Commuting to Meetings I have an eight-minute commute to work—from 79th to 50th Street. I take the subway four stops and walk one block. My day, from the time I walk in the door to the time I leave, is pretty much back-to-back conference calls or in-person meetings. I have very little free space in between, because I usually will fill that space with people who want to talk to me about mentoring, training or some firm committee. I find I’m pretty booked throughout the entire day. I’m probably speaking with clients 25 to 40 percent of the time and with team members 50 to 60 of the time. The rest of the time is on firm initiatives or matters. My daily life is a little different because I don’t have little kids. I try to use some of that time for other positive things like mentoring women in this office. I’m also mentoring a high school student in a legal outreach program.
Quick Bite I’ll usually run out, grab lunch and bring it back up between 12 and 2. I’m probably eating salad, soup or some sushi. I’m a pescatarian. I eat any kind of fish or seafood and any kind of vegetables. I don’t eat anything that walks on land or has identifiable parents.

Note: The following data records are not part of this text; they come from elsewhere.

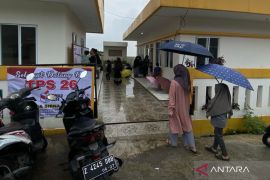 Warga antusias datang ke TPS meski hujan di Garut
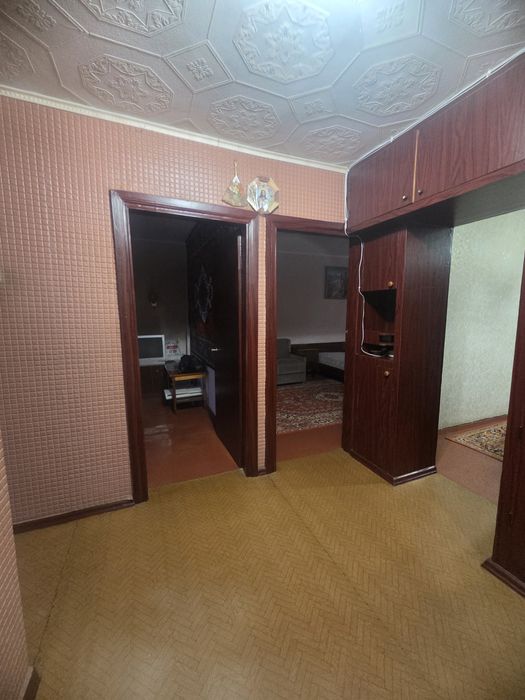 Сдам 3-комнатную квартиру на долгий срок.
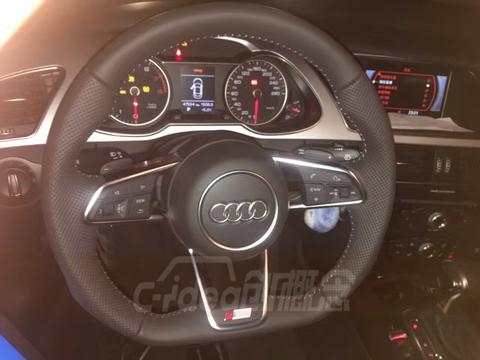 奥迪A4改装平底方向盘，帅爆了！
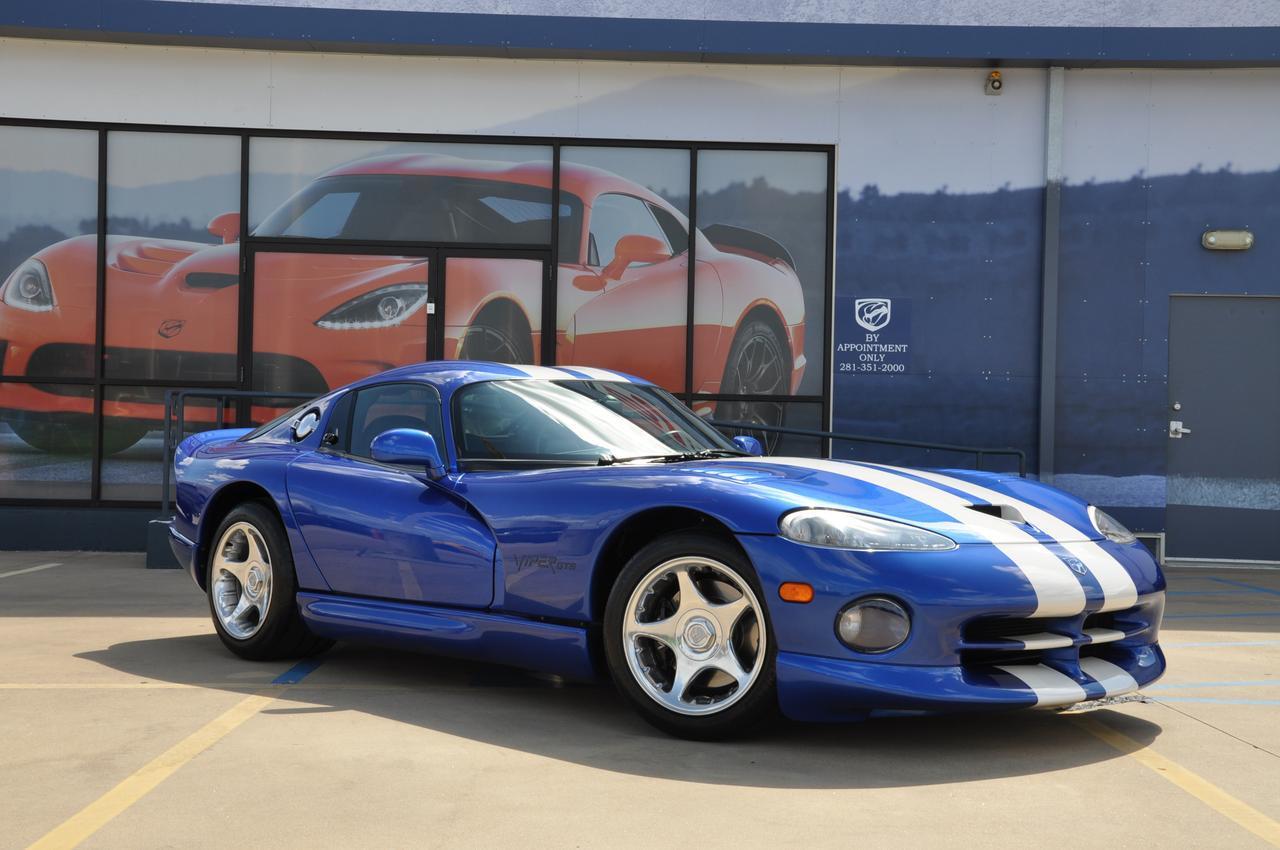 Used-1996-Dodge-Viper-GTS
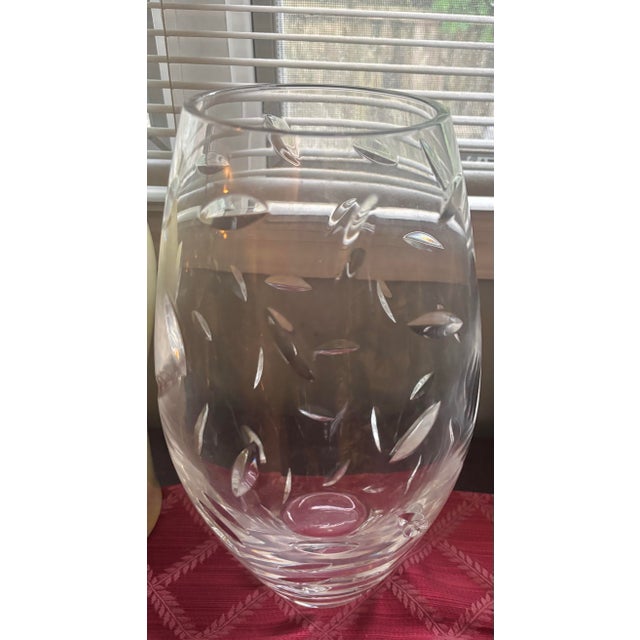 Traditional Large Signed Tiffany & Co. Hand-Cut Crystal Leaf Pattern Vase – 13.5” Heavy Lead Crystal For Sale - Image 3 of 11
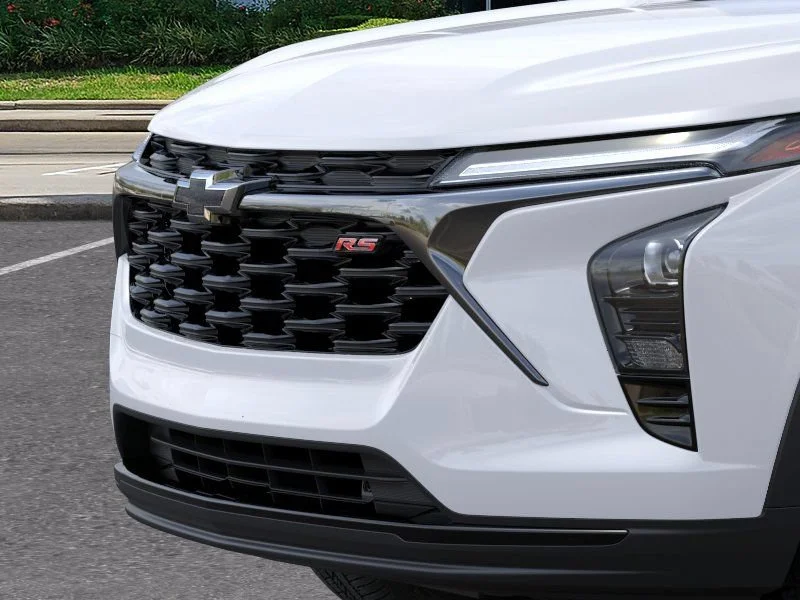 New 2026 Summit White Chevrolet 2RS image 13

Forward Motion My goal is to keep things moving forward for the clients and our teams. I don’t want to be the bottleneck. I spend much of my day trying just to move things forward, answering questions or helping direct someone. Since I work with people in other time zones, I still have a number of calls that are at 4, 5 or 6 p.m. I try to have my last call at the 5 o’clock hour so that I can usually leave between 6:30 and 7.
At Home and Online When I get home, I get right back online, so my laptop is up and running and sitting on my coffee table. I have a Microsoft Surface Pro. It’s awesome. I love it. I’ll grab the dog, take her out and check back in. I’ll have some dinner with my husband. We are typical New Yorkers and don’t cook. We each separately may grab something from our local market on the way home. At least two times a week I’ll order out, sometimes Chinese or from the diner. Sometimes we’ll have something in the refrigerator like soup, but it’s pretty bare. We try to have date night on Thursday nights. We’ll go to local places, Crave Fishbar and La Vela. In the evenings we’ll watch our favorite shows. Some that we watch together are “Ray Donovan,” “Billions,” “The Crown” and “The Americans.” We’ll also watch “Curb Your Enthusiasm.” If I’m alone, I’ll watch “Game of Thrones.”

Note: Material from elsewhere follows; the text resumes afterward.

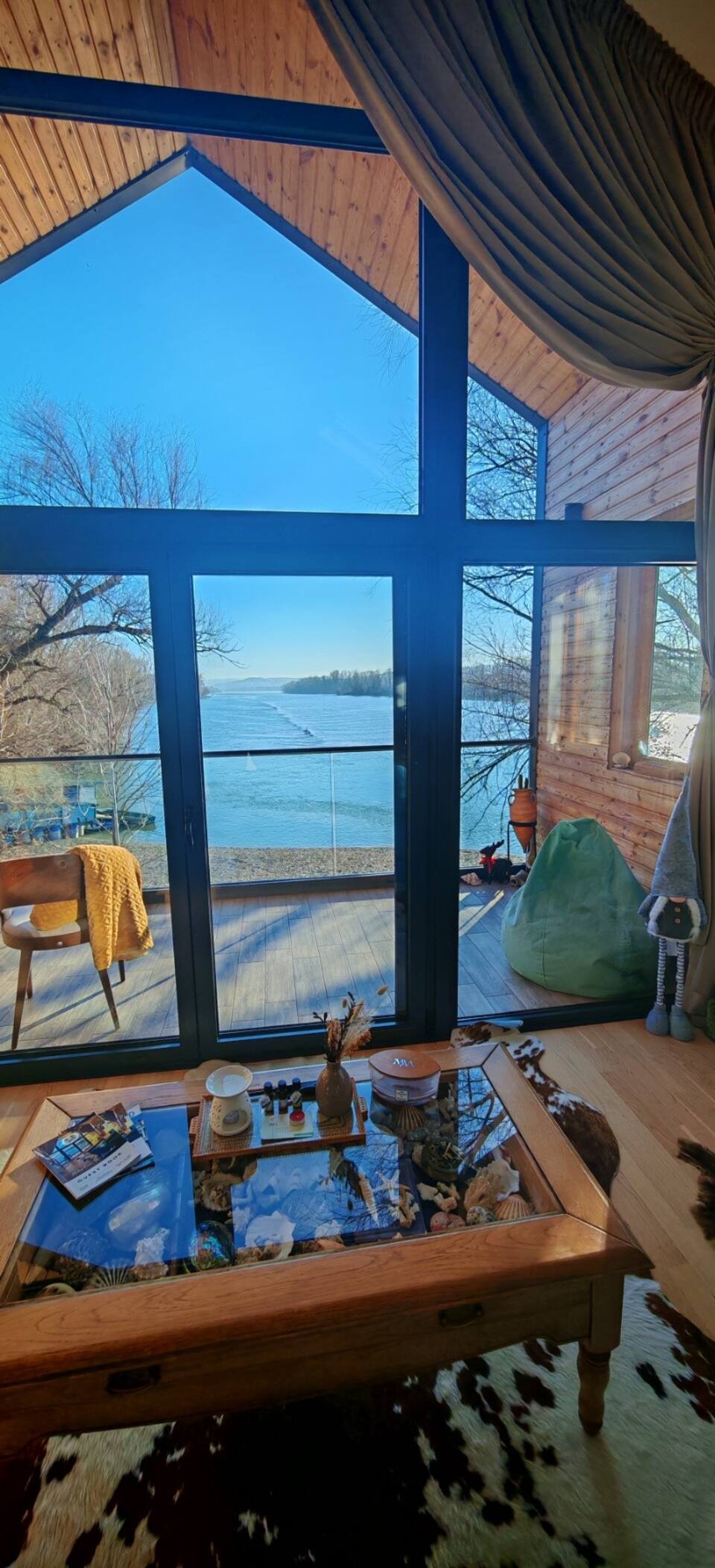 A glass-fronted cabin on the Danube, Kovilj, Vojvodina, Serbia, photo 6 of 10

Late Nights Several days a week I will stay up and work until between 11 and 1. It’s when I have no calls, and I can really concentrate. It’s when I get the majority of work done, which includes editing and revising documents, reading briefs, preparing for meetings. I probably pull about five all-nighters a year. I just sometimes get motivated. I usually take the dog out as the last thing if I’m staying up late.

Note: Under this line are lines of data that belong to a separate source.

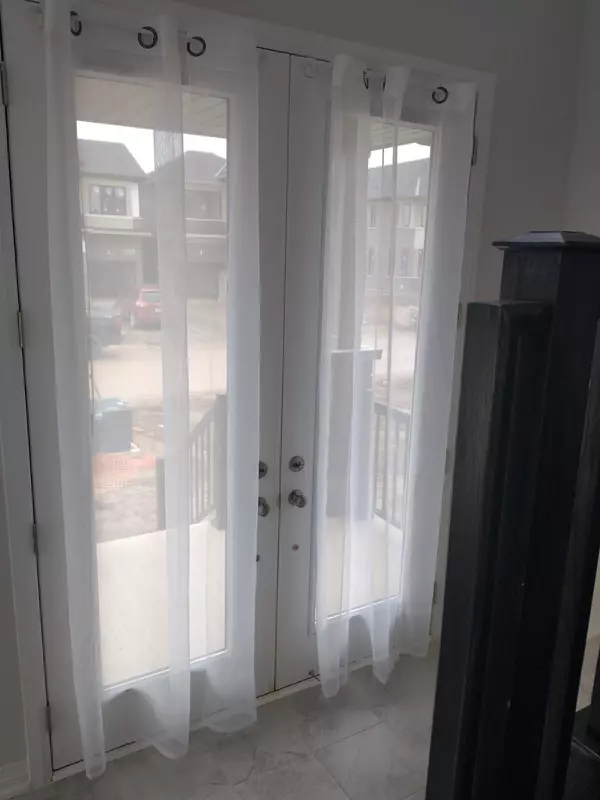 Hamilton, ON L0R 1W0,3 Weylie ST E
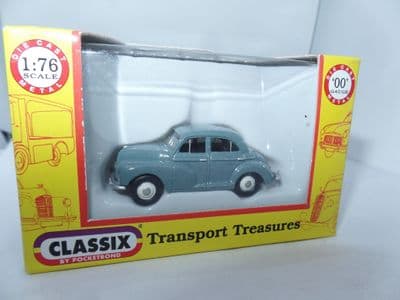 Classix EM76820 1/76 OO Scale Morris Minor 1000 Saloon 4 Door Grey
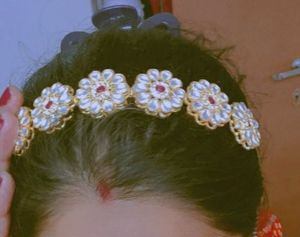 Elegant Floral Kundan hairband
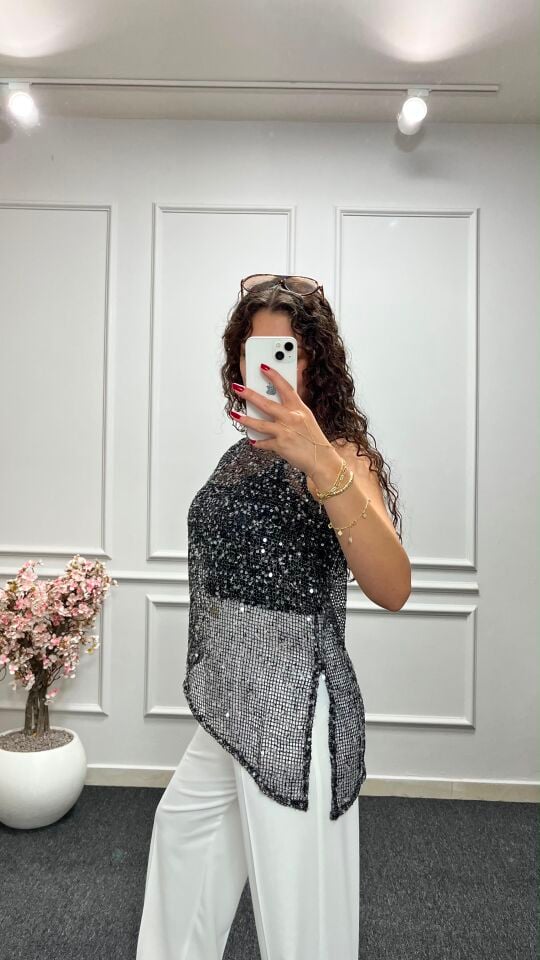 Pullu Asimetrik Bel Kolsuz İçi Astar Bluz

Time-Savers I keep my calendar up-to-date every day. If it’s not on my calendar, it doesn’t exist in my life. If someone says, “Can you give me a call? I’m around tomorrow,” I prefer to nail them down on a time, so I can put it in the calendar. If they don’t give me a time, I put it in my calendar in an open space. Keeping it up-to-date means I might have to look at it at midnight for what I have the next day. My assistant prints out my calendar and gives it to me when I walk in in the morning. I also keep email folders very clear and distinct. When I folder it, I’m able to look for that email a month, six months, a year later. I really try to keep a clean email inbox. It doesn’t mean zero emails; it means under 100 emails, usually under 70. They are all answered by the end of the day. The only emails in my inbox are those to which I have not responded or have not required a response. It helps me stay organized and helps me stay sane. I go to sleep with peace of mind.